Ottawa appliquera à partir du 8 septembre des droits de douane équivalents sur des produits américains. Cette riposte ciblera notamment l’acier, les produits laitiers, l’électroménager, les équipements agricoles, le papier, la pâte à papier et l’électronique.
Le représentant américain au Commerce, Jamieson Greer, accuse de son côté le Canada d’avoir refusé de finaliser un accord pourtant négocié au cours de la semaine. Washington affirme avoir proposé des réductions importantes sur les droits frappant l’acier, l’aluminium, les automobiles et le bois de construction. Les États-Unis promettent également de répondre à la contre-offensive canadienne.
Le conflit commercial s’est aggravé après près de deux semaines de négociations intensives. Donald Trump avait pourtant annoncé mardi que les deux pays disposaient d’un accord et suspendu les tarifs pendant trois jours. Les discussions se sont finalement effondrées vendredi soir, malgré plusieurs réunions prolongées jusqu’aux dernières heures précédant l’échéance.

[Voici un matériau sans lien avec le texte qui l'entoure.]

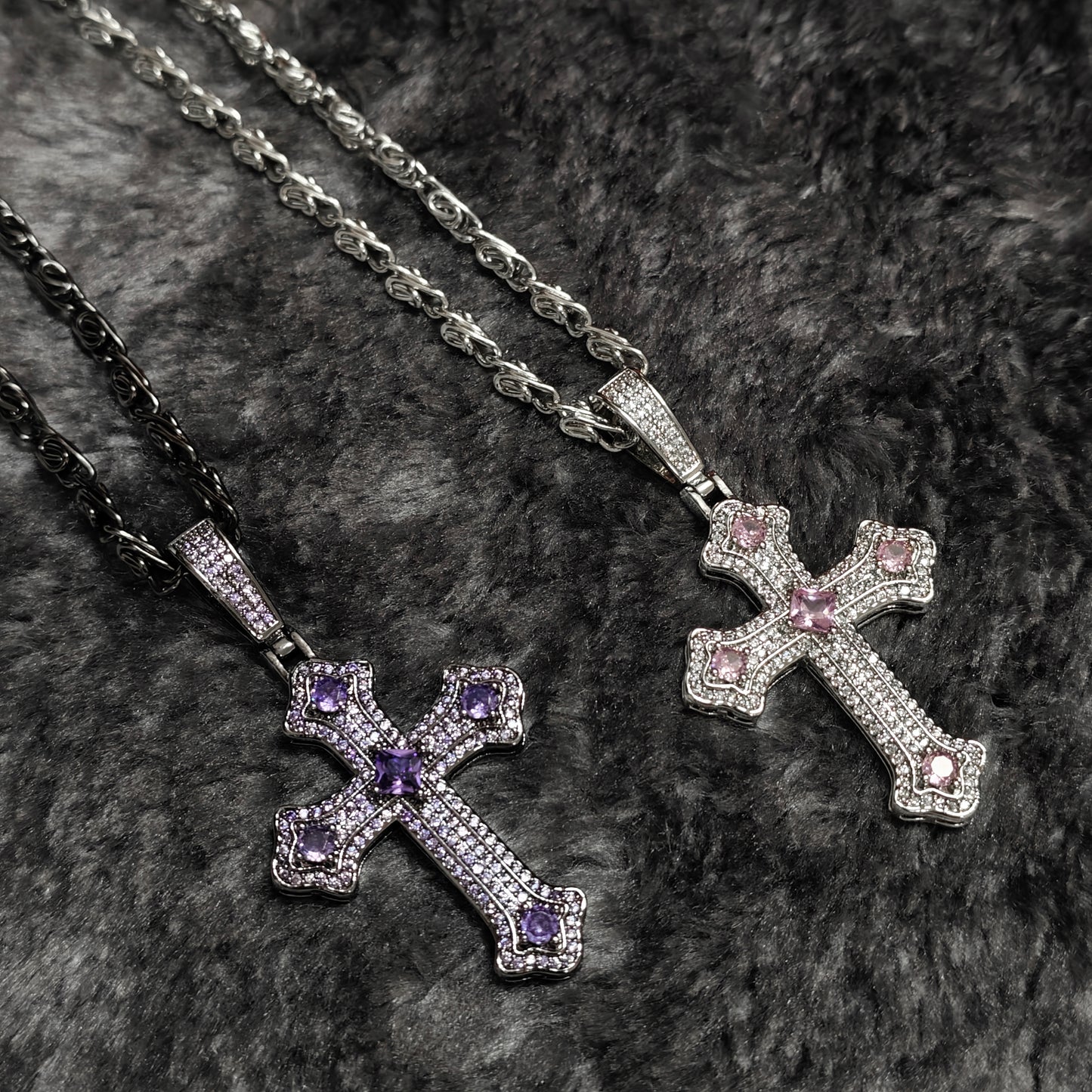 Gothic Cross Necklace in open black velvet jewelry box, overhead flat lay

Les nouvelles taxes ont été instaurées sur la base de la section 338 de la loi douanière américaine de 1930, un mécanisme jamais utilisé auparavant. Cette disposition autorise la Maison-Blanche à imposer des droits pouvant atteindre 50 % aux partenaires accusés de discriminer le commerce américain. La mesure devrait faire l’objet de contestations judiciaires.

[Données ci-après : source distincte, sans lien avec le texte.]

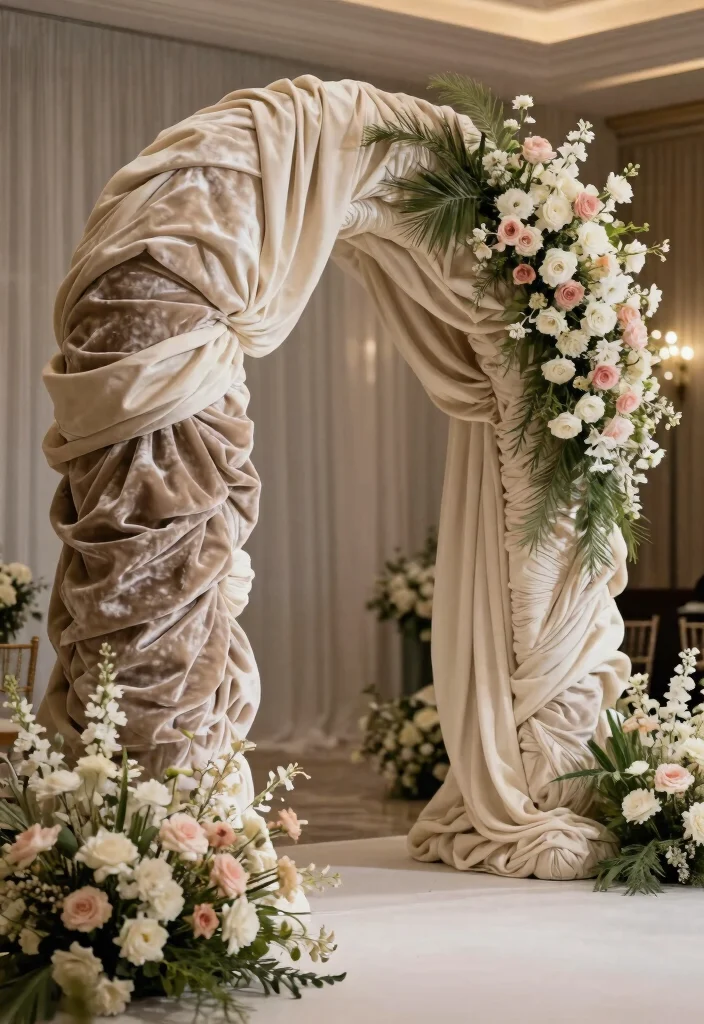 15 Sculptural Wedding Arches in Neutral Tones You Never Knew You Needed! - 15. Luxe Textures and Layers 1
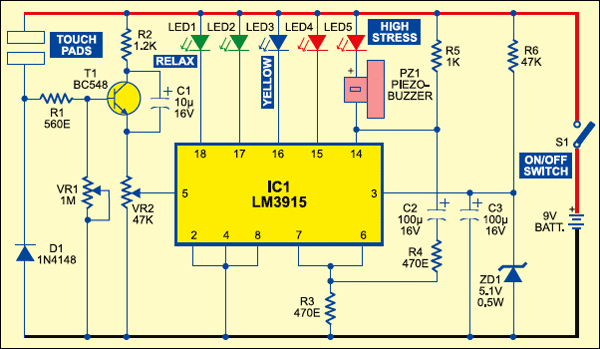 Fig. 1: Circuit of the stress meter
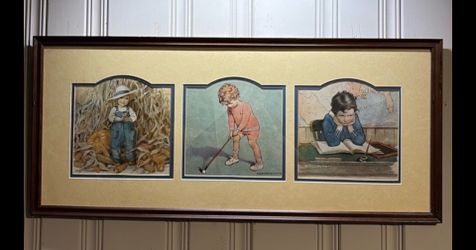 Vintage Jessie Willcox Smith 3-Print Frame Nursery Decor Grandmacore 15"x33"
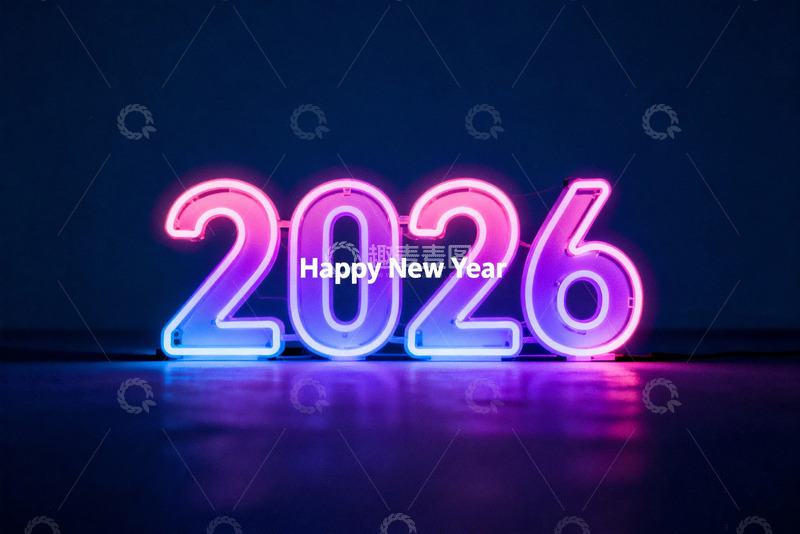 高清大图下载【趣麦麦图】2026年新年霓虹灯装饰
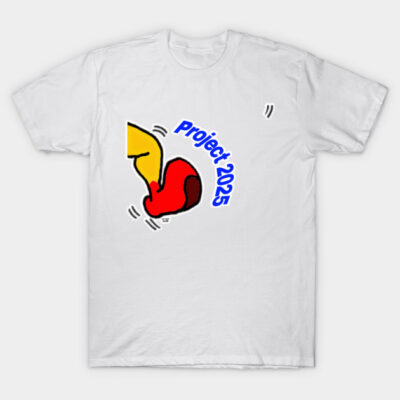 White "Project 2025" t-shirt with red and yellow boxing glove graphic, casual cotton tee for everyday wear.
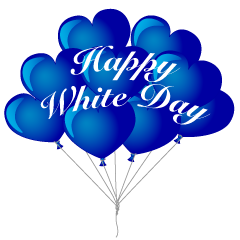 紺色ハート風船のHappy White Day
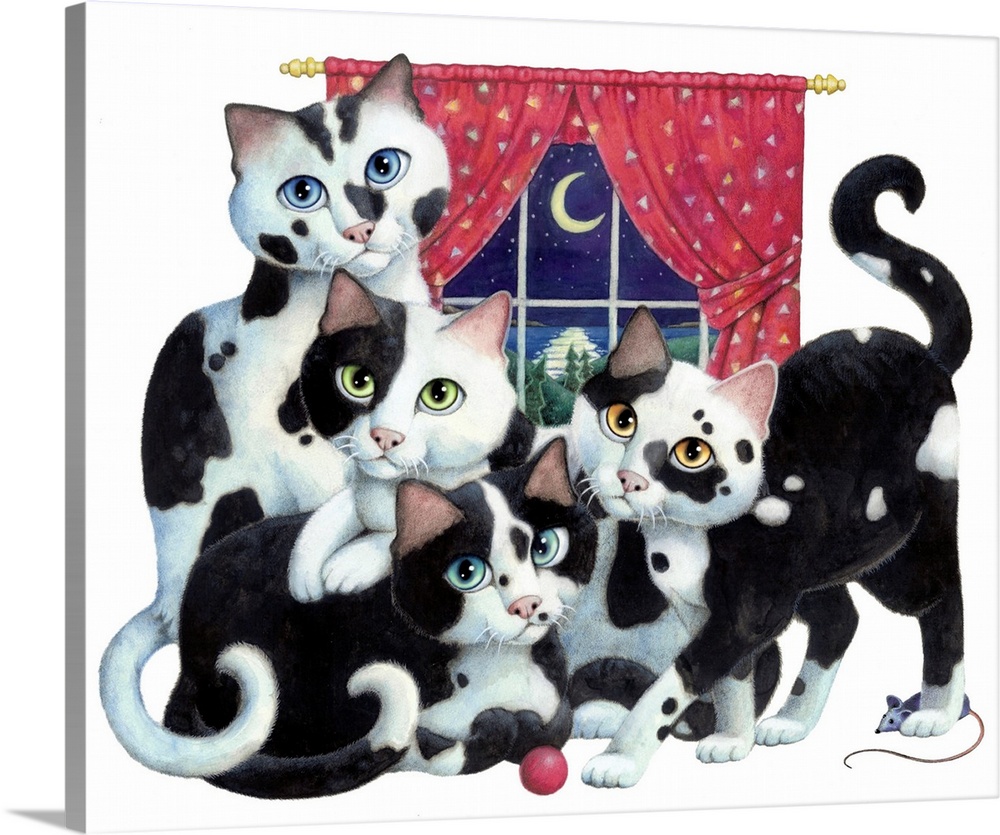 Illustration of four black and white cats in front of a window with cred curtains.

Les milieux économiques des deux pays redoutent désormais une hausse des prix, une perturbation des chaînes d’approvisionnement et des pertes d’emplois. La Chambre de commerce américaine rappelle que 13 millions d’emplois aux États-Unis dépendent de l’accord commercial nord-américain, tandis que son homologue canadienne qualifie cette escalade de coup porté à la compétitivité du continent.